■ Problem details
Please give back each line below unchanged; none of the pictures should appear.

■ Stored data
━━━━━━

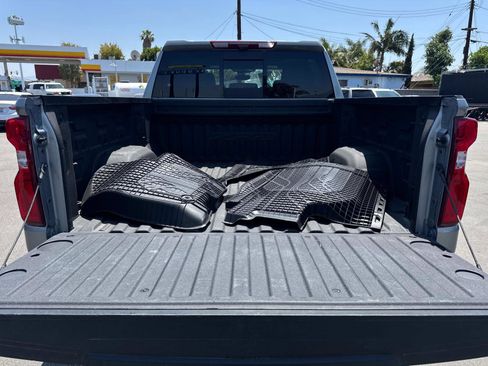 Used 2024 Chevrolet Silverado 1500 ZR2 w/ Technology Package image 21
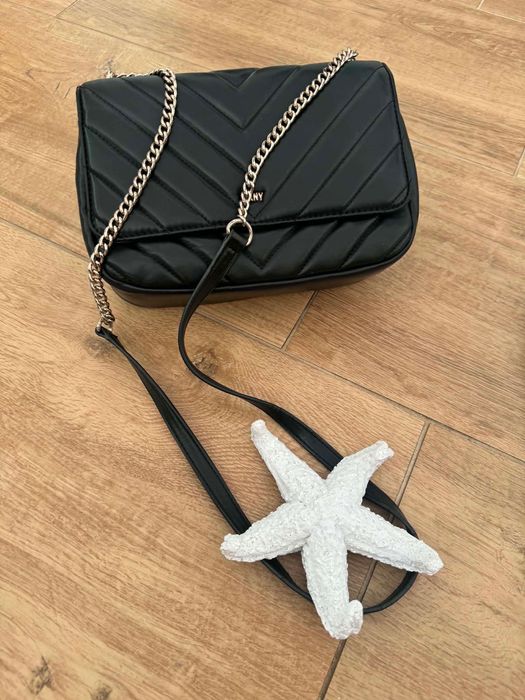 Чанта DKNY от САЩ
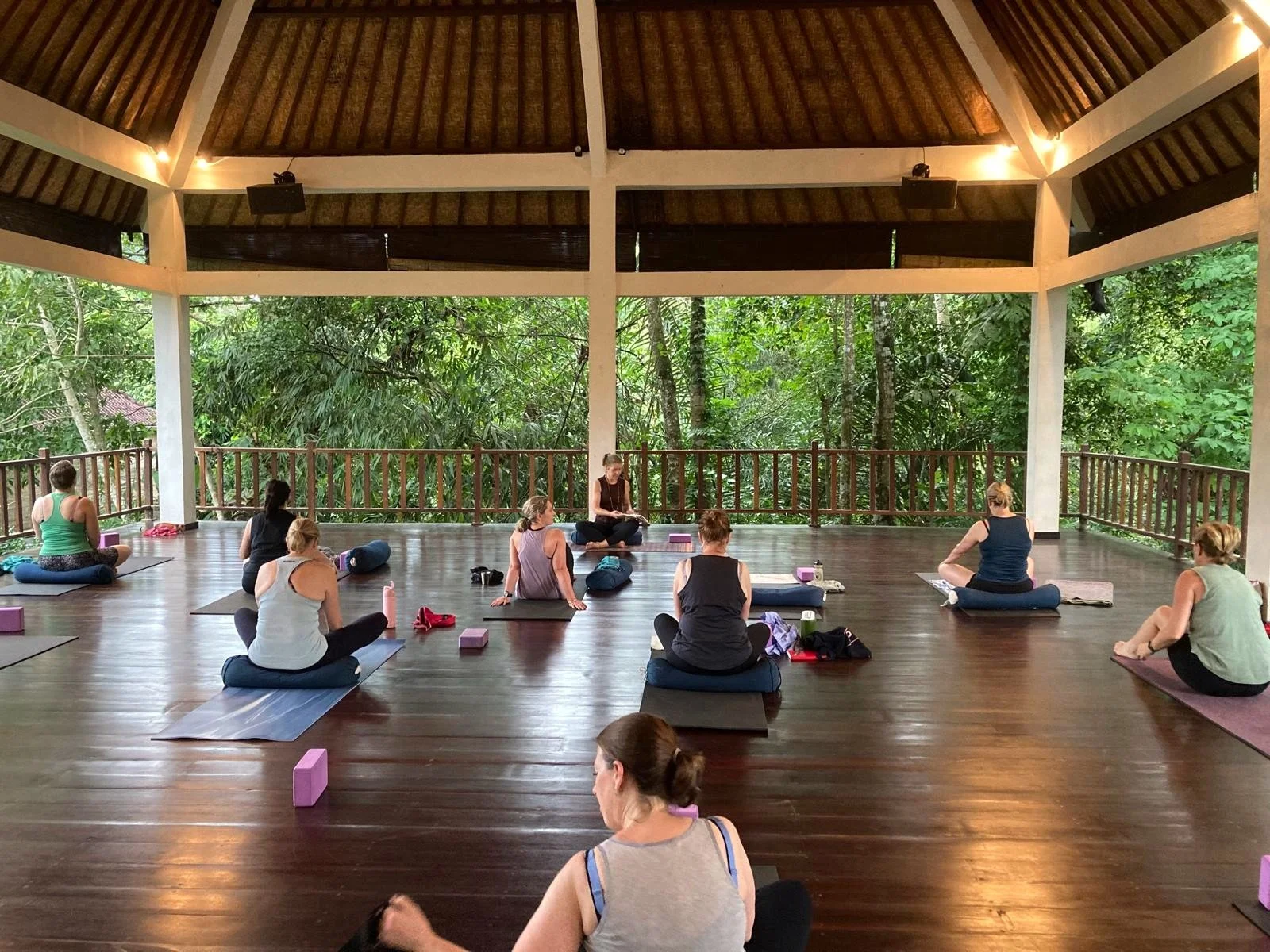 Group Nalanda Yoga.JPEG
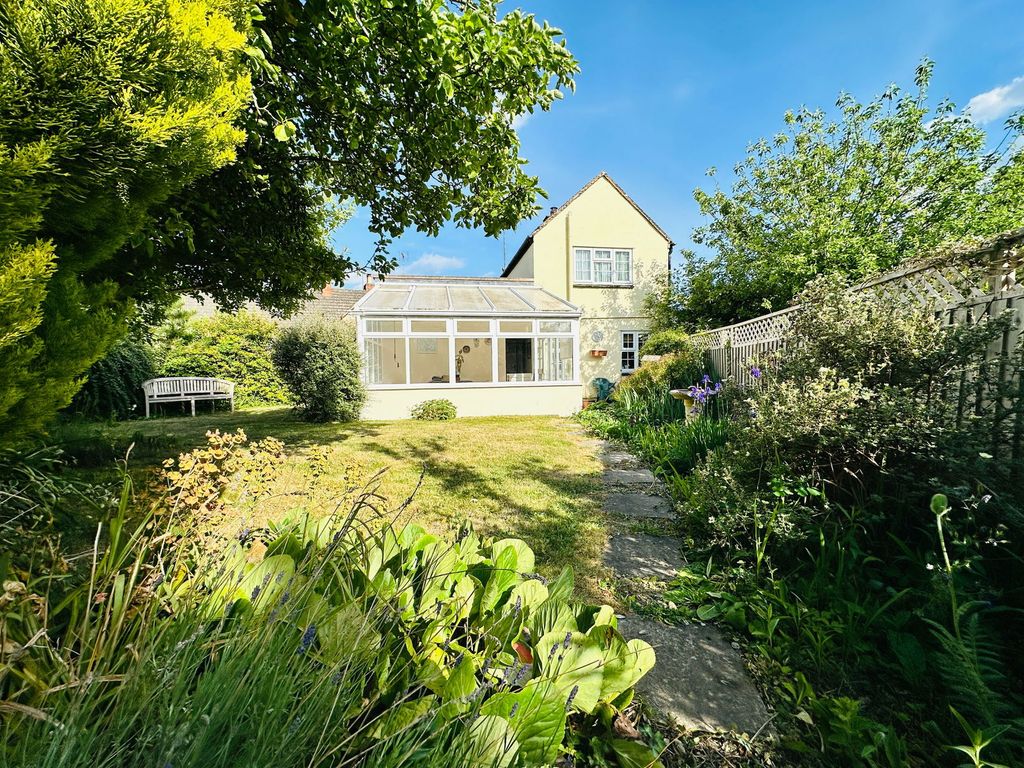 Property photo 2 of 23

━━━━━━

■ Task response
 Used 2024 Chevrolet Silverado 1500 ZR2 w/ Technology Package image 21
 Чанта DKNY от САЩ
 Group Nalanda Yoga.JPEG
 Property photo 2 of 23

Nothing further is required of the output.